Bu da insanımızın refah seviyesindeki artışa işarettir.
Hava yolu ve demiryollarındaki alt yapı iyileşme ve gelişmesini karayollarında da görmekteyiz:
Son 12 yılda araçların kat ettiği mesafe 2 katına çıkarken; karayolu ile yolcu taşımacılığı (yolcu-km) %64, yük taşımacılığı (ton-km) ise %48 artmıştır.
Karayollarında taşınan yolcu ve yük taşımalarının artmasına rağmen ölüm sayısının azalmış olmasını; karayolu taşımacılığında en fazla artışın otoyollarda olması ve alınan güvenlik tedbirleriyle, kamuoyunun bilgilendirilmesiyle açıklanması mümkündür.
Bu konulara girmiş iken trafikteki ahvalimize ilişkin birkaç şey söylemeden geçemeyeceğim.
İbrahim Akgün Beyin ifade ettiği bir husus vardı: Trafiğe çıkalım bakalım, ne kadarımız Müslümanca tavır içindeyiz!
Kendisinin belki birkaç dakikalık önceliği için başkalarının kaza riskini artıranlarımız, daha büyük araçların kendinden küçük araçlara yüklenişi/sıkıştırışı, hem suçlu hem güçlü dolmuş, taksi ve dahi otomobil sürücülerimiz ile sağlıklı bir toplum fotoğrafı vermiyoruz maalesef.
Bu tavırları insanımızın ekonomik güç ve güveninin artması, bireyin güçlenmesi gibi eğilimler ile açıklamak yeterli ve belki de uygun değildir. Bunun adı bencilliktir, enaniyettir, kibirdir, gururdur.
Konuşurken mangalda kül bırakmayan; karıncayı incitmeyen, yaradılanı Yaradandan ötürü seven bizler, trafik de nasıl oluyor da birer canavara dönüşebiliyoruz.
İnsanlığımızı ve Müslüman kimliğimizi, arabanın dışında bırakıyor ve öldüresiye bir yarışa giriyoruz sanki…

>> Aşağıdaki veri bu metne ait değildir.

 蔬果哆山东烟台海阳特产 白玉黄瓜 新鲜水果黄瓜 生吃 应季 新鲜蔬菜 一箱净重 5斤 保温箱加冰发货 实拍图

Allah’ım Sen’den yollarda sabır diliyorum.
Yol vermenin, bir başkasının yolunu-yolculuğunu kolaylaştırmanın sadaka hükmünde olduğu idrakini ve buna uygun davranabilmeyi talep ediyorum.
Cennetin anahtarının yol vererek önlediğimiz bir kaza nedeniyle bazılarımıza takdim edilmesi imkân ve ihtimal dışı mıdır?